NETHERLANDS - At least 7% of the 1,100 independent pension advisers of insurer Aegon will stop their activities after the introduction of a licence, a survey by Aegon suggests.

The required skills and the mandatory minimum number of consultations will force many intermediaries to terminate their pension portfolio, the insurer said.

However, the survey has also made clear that 46% said they would continue, emphasised Frits Bart, pension director of Aegon Intermediary, who has conducted a series of 'road shows' in order to consult the advisers.

Bart added that 15% of the intermediaries had not reached a decision yet, and that 32% of them had not responded to Aegon's questionnaire.

The outcome is above general market expectations, with forecasts that approximately 75% of independent pension advisers would stop,  Alexander Kuipers, spokesman for Aegon noted.

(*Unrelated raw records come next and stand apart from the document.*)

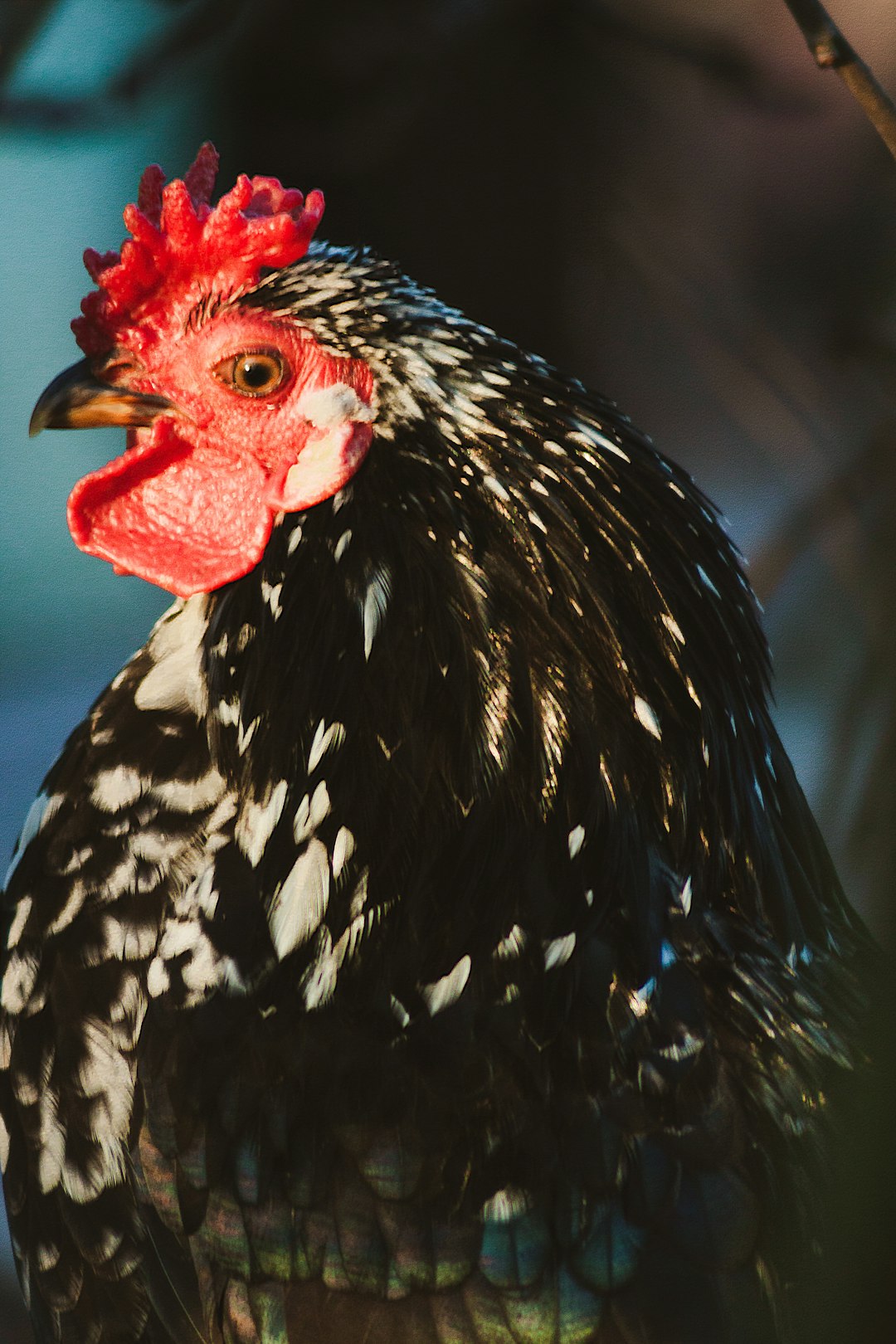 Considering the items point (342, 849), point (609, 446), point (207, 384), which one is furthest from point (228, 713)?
point (609, 446)

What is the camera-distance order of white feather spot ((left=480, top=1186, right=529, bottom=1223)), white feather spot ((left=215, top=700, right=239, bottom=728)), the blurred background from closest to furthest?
white feather spot ((left=480, top=1186, right=529, bottom=1223))
white feather spot ((left=215, top=700, right=239, bottom=728))
the blurred background

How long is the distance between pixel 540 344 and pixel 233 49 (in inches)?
15.2

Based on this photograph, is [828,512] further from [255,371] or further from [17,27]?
[17,27]

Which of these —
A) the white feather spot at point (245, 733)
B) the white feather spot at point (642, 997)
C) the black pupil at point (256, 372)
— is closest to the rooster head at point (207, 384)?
the black pupil at point (256, 372)

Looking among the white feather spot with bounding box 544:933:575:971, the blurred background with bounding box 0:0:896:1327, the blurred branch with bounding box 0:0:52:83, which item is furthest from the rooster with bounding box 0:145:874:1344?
the blurred branch with bounding box 0:0:52:83

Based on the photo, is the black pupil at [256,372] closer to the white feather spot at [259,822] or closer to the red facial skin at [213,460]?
the red facial skin at [213,460]

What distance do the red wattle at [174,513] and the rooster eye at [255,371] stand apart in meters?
0.05

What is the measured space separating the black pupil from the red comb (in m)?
0.06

He suggested that an explanation for the difference is "that Aegon has many intermediaries with larger offices and specialist pension advisers".
"The consequence is that many intermediaries who are covering pension advice as a secondary activity, can't meet the requirements, and will stop as a consequence," he said.

Bart continued: "In our opinion, this is a good development for both employers and employees in the small and average-sized businesses, as a pension is a complex product with a long-term financial impact."

He expected intermediaries to specialise in a segment of the pension and insurance market.

The communication supervisor Authority Financial Markets (AFM) has announced rigorous education requirements as well as a mandatory licence for intermediaries as of 1 January 2014.

The measures followed an AFM survey last year, which showed that 75% of the pension advice to small and average-sized businesses is sub-standard.

The watchdog concluded that pension advice should be an intermediaries' main profession, rather than a sideline activity.